Les débordements sécuritaires ne sont pas l’apanage d’une seule communauté. Le 22 mai, 11 pèlerins chiites qui revenaient d’Iran, sont enlevés dans la province d’Alep. Excédées par la lenteur des négociations visant à les libérer, les familles des victimes et leurs proches ont, à plusieurs reprises, manifesté leur colère en bloquant les routes, une pratique qui aura fait des émules tout au long de l’année. Dans la banlieue-sud de Beyrouth, les Syriens qui ne montraient pas patte blanche, en étaient chassés. Pire, lorsqu’à la mi-août, Hassan Mokdad a été enlevé par les combattants de l’ASL, des kidnappeurs appartenant au clan du même nom enlèvent, en guise de représailles, une trentaine de ressortissants syriens. En été, la crise était à son paroxysme. En cette fin d’année, l’escalade est maîtrisée, notamment grâce à l’aptitude du pouvoir aux compromis, mais les questions demeurent posées.
En 2013, lequel de ces calendriers dictera son agenda? Le calendrier syrien ou celui des législatives? Pour certains, la pression exercée par l’afflux massif de réfugiés venus de Syrie est devenue incontrôlable. Jusqu’alors l’apanage des partis chrétiens, le retour au premier plan du débat sur la loi électorale et, par extension, la relégation au deuxième plan de la question syrienne, pose déjà les enjeux de l’année qui vient. 

Julien Abi-Ramia

 

Les religieux au centre du jeu
L’année qui s’est écoulée a donné raison au patriarche Béchara Raï. La visite au Liban du pape Benoît XVI en septembre et l’élévation, deux mois plus tard, du patriarche maronite au rang de cardinal, légitiment son magistère et les craintes des chrétiens du Liban et de la région, qui observent avec inquiétude l’hiver islamique, enfant terrible du Printemps arabe.
 En pointe sur le dossier de la loi électorale, sera-t-il celui qui finira par enterrer la loi de 1960?
 Après avoir perdu la figure tutélaire d’Ignace IV Hazim, la communauté orthodoxe s’est trouvé un successeur jeune et dynamique en la personne de Youhanna X Yazigi. Les chrétiens de Syrie ne seront pas oubliés.
 Des leaders spirituels du pays, le mufti de la République, cheikh Mohammad Rachid Kabbani, aura sans doute été le plus ballotté.

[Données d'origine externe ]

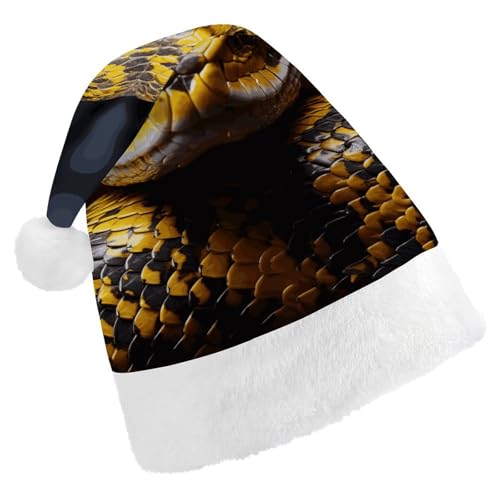 BTCOWZRV Gelbe Schlangen-Weihnachtsmütze, Uni, Samt, Weihnachtsmannmütze, Weihnachtsmütze für Erwachsene, Neujahr, Party, Kopfbedeckung BTCOWZRV Gelbe Schlangen-Weihnachtsmütze, Uni, Samt, Weihnachtsmannmütze, Weihnachtsmütze für Erwachsene, Neujahr, Party, Kopfbedeckung von BTCOWZRV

Tenant d’un discours modéré, le maître de Dar el-Fatwa doit faire face à la grogne des dignitaires sunnites locaux, très proches du parti de Hariri, qui répercutent la colère de leurs fidèles.     

Economie en berne
2012 aura été l’année de la grogne sociale. Transporteurs publics, enseignants et fonctionnaires sont tour à tour descendus dans la rue pour défendre leurs bons droits.
L’année aura également été celle de l’instabilité du pays et la crise que traverse la Syrie, partenaire commercial et plate-forme de transit, aura eu un impact considérable sur l’économie du Liban. Première victime, le tourisme. La forte baisse du nombre de visiteurs arabes relègue les chiffres globaux du tourisme au faible niveau de 2008.
Autre moteur de la croissance économique, l’immobilier stagne.
Du côté de l’Etat, le déficit et la dette publique augmentent légèrement. La Banque centrale a su amortir la crise de l’économie réelle. Le Liban traverse, depuis deux ans environ, une période économique critique qui se traduit par une croissance au ralenti atteignant difficilement les 2% cette année. Le secteur commercial a été très durement touché et les ventes ont chuté entre 2 et 7% selon les activités. Le déficit commercial a, quant à lui, atteint 13 milliards de dollars au cours des neuf derniers mois de 2012, avec des importations qui ont augmenté de 11,3% et des exportations qui n’ont crû que de 2,2%.